Over the past few years, breakbeat has lost the "break" or broken nature to the point where many tunes today stick to a preset arrangement and have no broken elements whatsoever - in fact many tunes banded around as breakbeat are essentially house or tr**ce tunes with some of the beats slightly moved. That's the way it seems to have progressed, I just hope the progression continues and we don't end up going collectively stale.
The likes of Tipper and Begg always understood the power of the break - its there to be broken, the gaps between the sounds sometimes make better shapes than the sounds themselves.
With regards to genres and sub-genres, everything could be considered a form of crossbreed. It all comes down to language and our desire to name things. English is not really up to the task and there's more of this experience lies beyond it than within it. Picture this - you are in a field with a few thousand people and its just starting to get light but the mushrooms are still kicking hard. You're screaming with everyone else and then you watch yourself bend as the bassline vibrates you to a new level of tryptamine madness. Which part of your consciousness is wondering if its plod-step or dub breaks?

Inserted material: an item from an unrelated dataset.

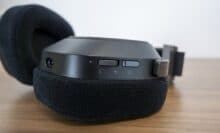 Corsair HS80 RGB Wireless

What's wrong with the current "DJ friendly" release format?
Quite simply it panders to the lowest level of creativity in mixing and on a larger scale it cultivates ignorance of what is a very fine art form. Basic beatmixing is the cornerstone of all mixing but how often do your hear any DJs move beyond it? As a technique it is there to be learned and respected but so many DJs are hard wired into doing a slow crossfade every four minutes regardless what records are in the box. This is actually a crossbreed in itself – it’s using disco and house techniques in a world where it doesn't always fit. Hip hop mixing seems the natural way to get between breakbeats for me. A lot of DJs are slaves to the decks - no tricks - no ammunition - no real mastery of the tunes or equipment. It's such a wasted opportunity. Somehow it became accepted that if you can beatmix tunes without any clangers then that's it - you're a DJ!
I want a DJ to give me sixty minutes of their own sonic universe, sixty minutes which exists nowhere else, I want to be able to tell you the name of a DJ by listening to a mix tape. I mainly just want people to find their own headspace. You have to remind yourself that when stood behind the decks or sat in your studio you are confronting infinity, any limits are self imposed. A quick listen to what's doing the rounds would suggest otherwise, that we don't want to find any new ground, that we are happy to settle for endless permutations of the various dance templates available. The crowds are more intelligent than DJs give them credit for but they end up subconsciously conditioned to expect and respond to a preset DJ format. Playing it safe is actually the kiss of death and the DJ friendly format is not our friend in the long term.
What you can’t do with music and the technology/tools that drive it that you wish you could, what part of the listener experience you want to change etc.
The imagination is the only tool that we are really equipped with. Miles Davis wasn't about the trumpet and Hendrix wasn't about the guitar. They were both about finding the most efficient method for the monkey body to download its soul. The whole experience will begin to consolidate itself when the monkey is bypassed altogether. Our vision is one where we turn up to a gig with no records or equipment whatsoever but proceed to connect a neural interface to the back of the neck and then let the soul escape down a 50k sound system. What most DJs do nowadays is the last thing you would do in this situation. Let’s get over the physical aspect of it all. We would gladly burn the turntables and laptop tomorrow if we could establish a neural connection to the sound system. The way that sequencers tempt you into arranging is very much one of adding layers together which I'm sure isn't how the human imagination works. Once again it comes down to our needless concession of arranging tunes so that DJs have an easier time mixing them. If you listen to a lot of pioneering electronic artists they do not have the clichéd arrangements we have accepted as standard.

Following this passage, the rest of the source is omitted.